Shaw uses Joan’s armor and male attire to emphasize how boldly and incessantly Joan subverts the misogynist norms embraced by medieval society. Joan’s armor—and, more generally, her decision to wear men’s clothing—is a frequent point of contention for Saint Joan’s male characters. During Joan’s trial, for example, the Inquisitor goes so far as to suggest that the act against nature Joan demonstrates in her decision to don male clothing is as grave a sin as heresy. Joan’s armor also symbolizes her practicality, as evidenced by the fact that her reasons for wearing it are often as pragmatic as they are rebellious Armor is practical for Joan’s military pursuits because it protects her from the violence of warfare. Further, if Joan is to live among other soldiers, it is imperative that they see her as an equal. Wearing armor and men’s clothing renders her more visibly equal to her male counterparts. Throughout the play, characters often suggest that Joan is mad and capricious but, in reality, most of her decisions are practical and highly calculated. When Shaw references Joan’s armor or male attire in Saint Joan, he reinforces Joan’s practicality and alerts the reader to the falsity of these claims.

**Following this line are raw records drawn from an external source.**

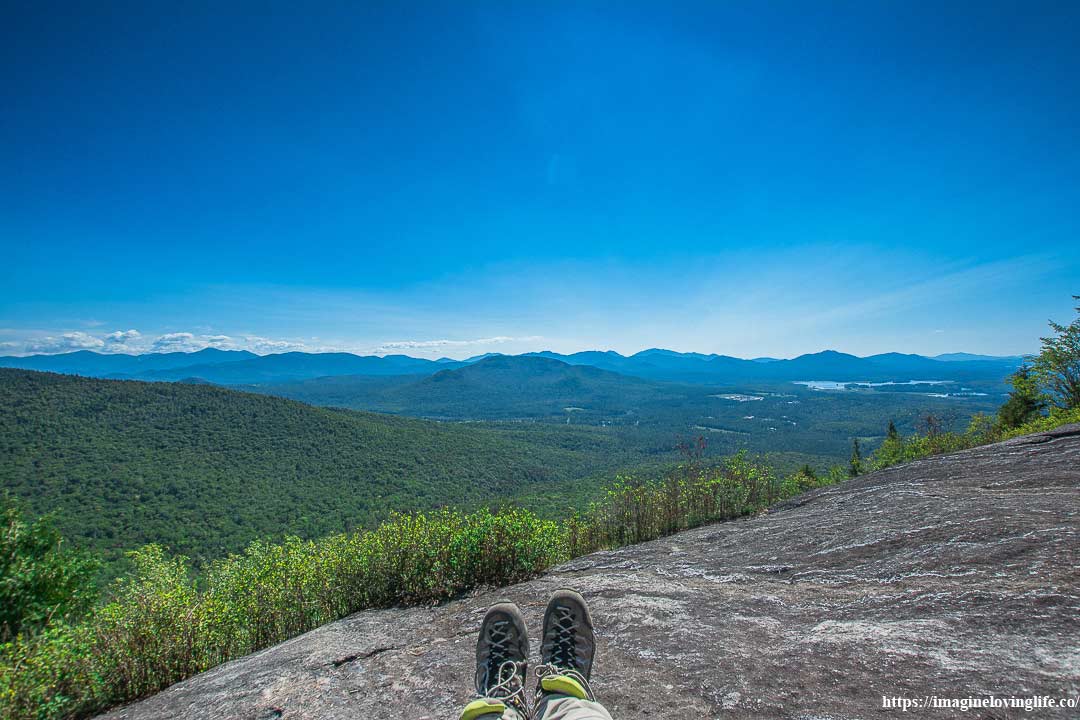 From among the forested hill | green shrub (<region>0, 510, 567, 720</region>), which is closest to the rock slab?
green shrub (<region>0, 510, 567, 720</region>)

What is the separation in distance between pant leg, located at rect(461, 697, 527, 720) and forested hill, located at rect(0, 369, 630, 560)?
129 ft

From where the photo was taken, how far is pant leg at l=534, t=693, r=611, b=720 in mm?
2484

Joan’s Armor Quotes in Saint Joan
ROBERT. How do you mean? voices?
JOAN. I hear voices telling me what to do. They come from God.

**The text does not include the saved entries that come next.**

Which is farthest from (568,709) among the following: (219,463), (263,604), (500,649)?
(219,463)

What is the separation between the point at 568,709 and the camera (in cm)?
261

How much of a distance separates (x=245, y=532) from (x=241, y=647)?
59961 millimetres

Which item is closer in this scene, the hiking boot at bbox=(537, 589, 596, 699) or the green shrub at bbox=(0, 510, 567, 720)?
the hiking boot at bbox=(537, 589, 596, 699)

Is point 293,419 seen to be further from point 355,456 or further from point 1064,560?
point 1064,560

ROBERT. They come from your imagination.
JOAN. Of course. That is how the messages of God come to us.
DUNOIS. I, God forgive me, am a little in love with war myself, the ugly devil! I am like a man with two wives. Do you want to be like a woman with two husbands?
JOAN. [matter-of-fact] I will never take a husband. A man in Toul took action against me for breach of promise; but I never promised him. I am a soldier: I do not want to be thought of as a woman. I will not dress as a woman. I do not care for the things women care for. They dream of lovers, and money. I dream of leading a charge, and of placing the big guns.
“But to shut me from the light of the sky and the sight of the fields and flowers; to chain my feet so that I can never again ride with the soldiers nor climb the hills; to make me breathe foul damp darkness, and keep me from everything that brings me back to the love of God when your wickedness and foolishness tempt me to hate Him: all this is worse than the furnace in the Bible that was heated seven times. I could do without my warhorse; I could drag about in a skirt; I could let the banners and the trumpets and the knights and soldiers pass me and leave me behind as they leave the other women, if only I could still hear the wind in the trees, the larks in the sunshine, the young lambs crying through the healthy frost, and the blessed blessed church bells that send my angel voices floating to me on the wind.”